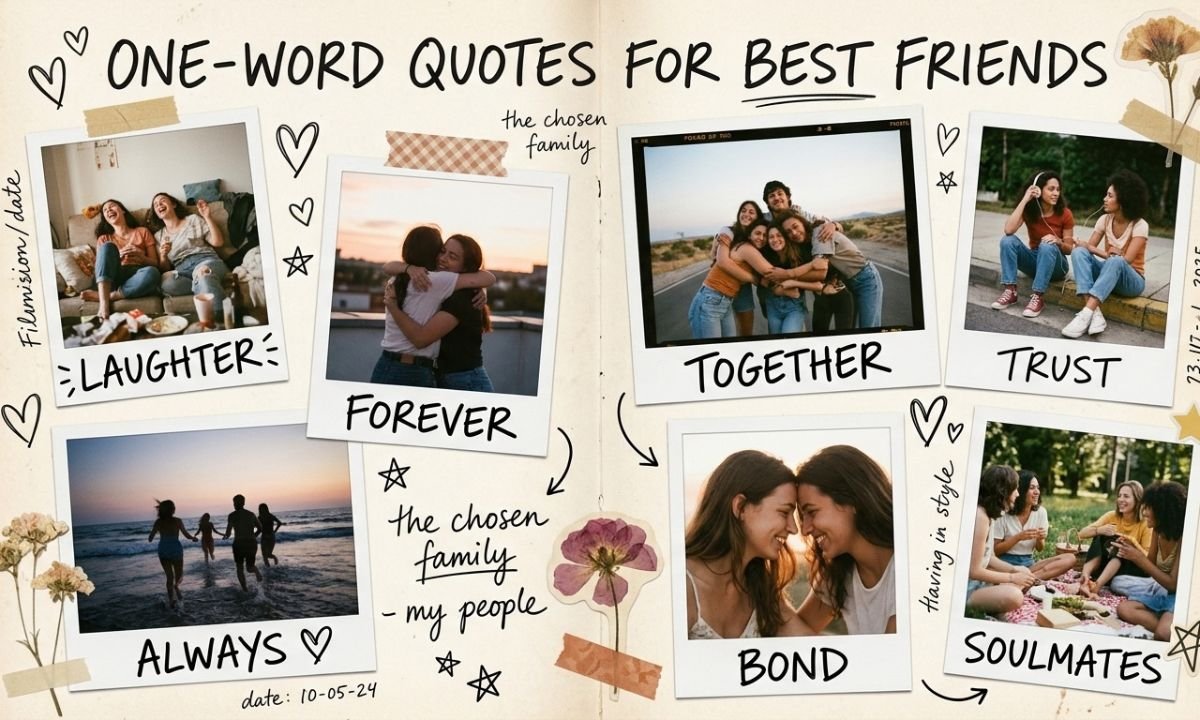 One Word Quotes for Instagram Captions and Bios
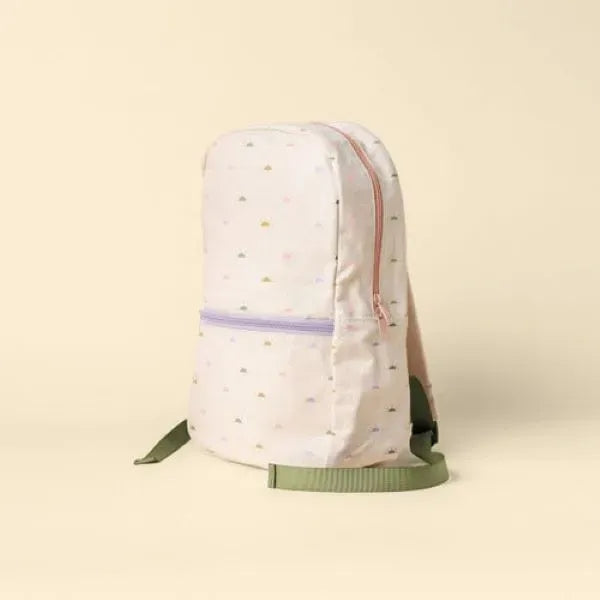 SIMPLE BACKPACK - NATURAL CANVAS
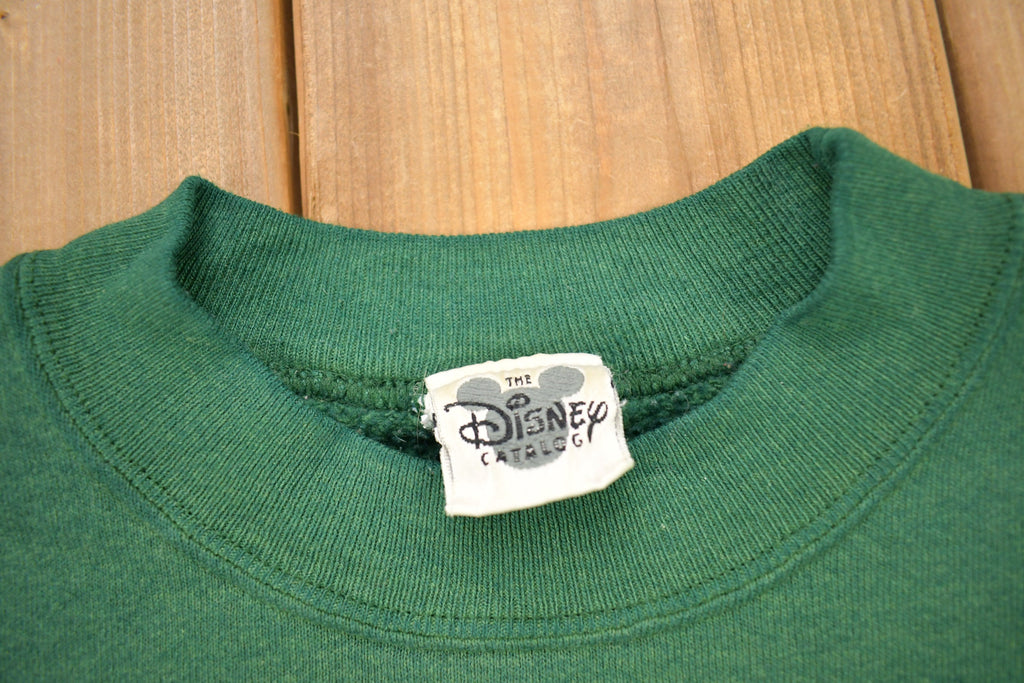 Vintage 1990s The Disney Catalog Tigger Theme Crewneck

# # # #

* _What you have to do_
Reproduce exactly, and only, the lines that begin at the one containing "SIMPLE BACKPACK - NATURAL CANVAS" and end with the final line of the data, both included, while omitting every picture.

* _Answer space_
 SIMPLE BACKPACK - NATURAL CANVAS
 Vintage 1990s The Disney Catalog Tigger Theme Crewneck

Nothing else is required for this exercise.